Return the entries below in their exact form, leaving the pictures out.

--- PROVIDED INFORMATION Enclosed Below ---

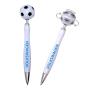 View Spinner Soccer Ball Pen Full-Sized Product Image 1 of 1
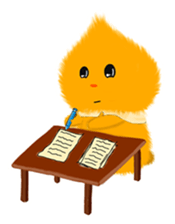 Wanshao & Harty sticker #5484910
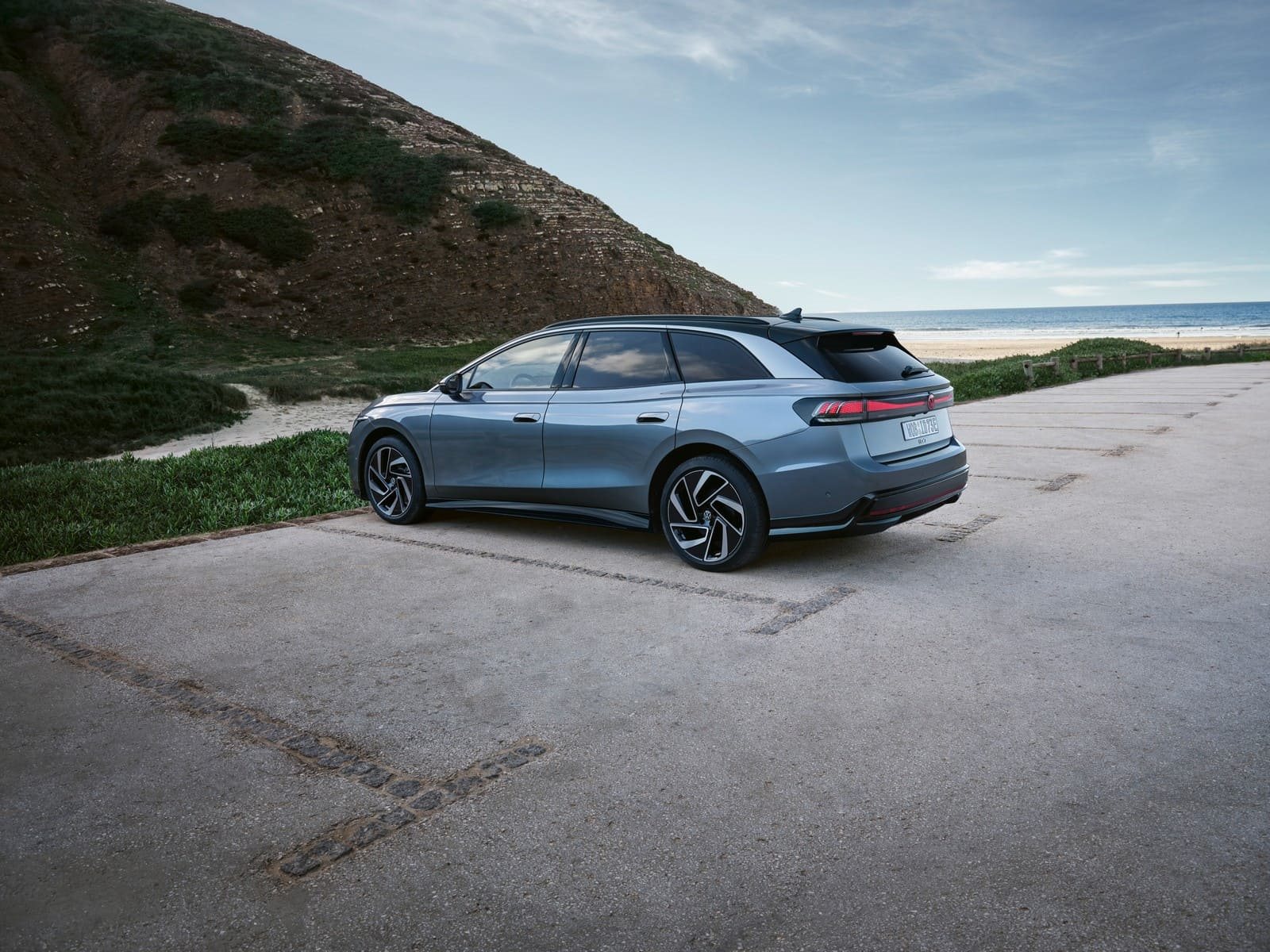 VOLKSWAGEN ID.7 TOURER PRO S, foto 45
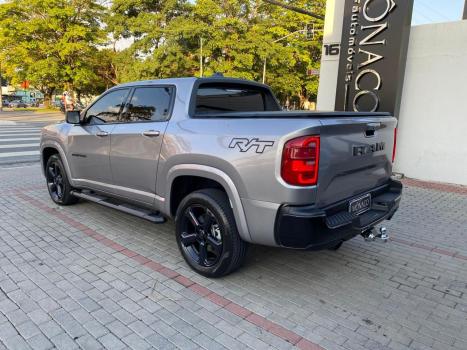 RAM Rampage , Foto 4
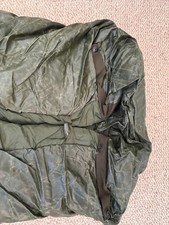 58 pattern sleeping bag, size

--- End of Enclosed PROVIDED INFORMATION ---

- _SOLUTION TO THE EXERCISE_
 View Spinner Soccer Ball Pen Full-Sized Product Image 1 of 1
 Wanshao & Harty sticker #5484910
 VOLKSWAGEN ID.7 TOURER PRO S, foto 45
 RAM Rampage , Foto 4
 58 pattern sleeping bag, size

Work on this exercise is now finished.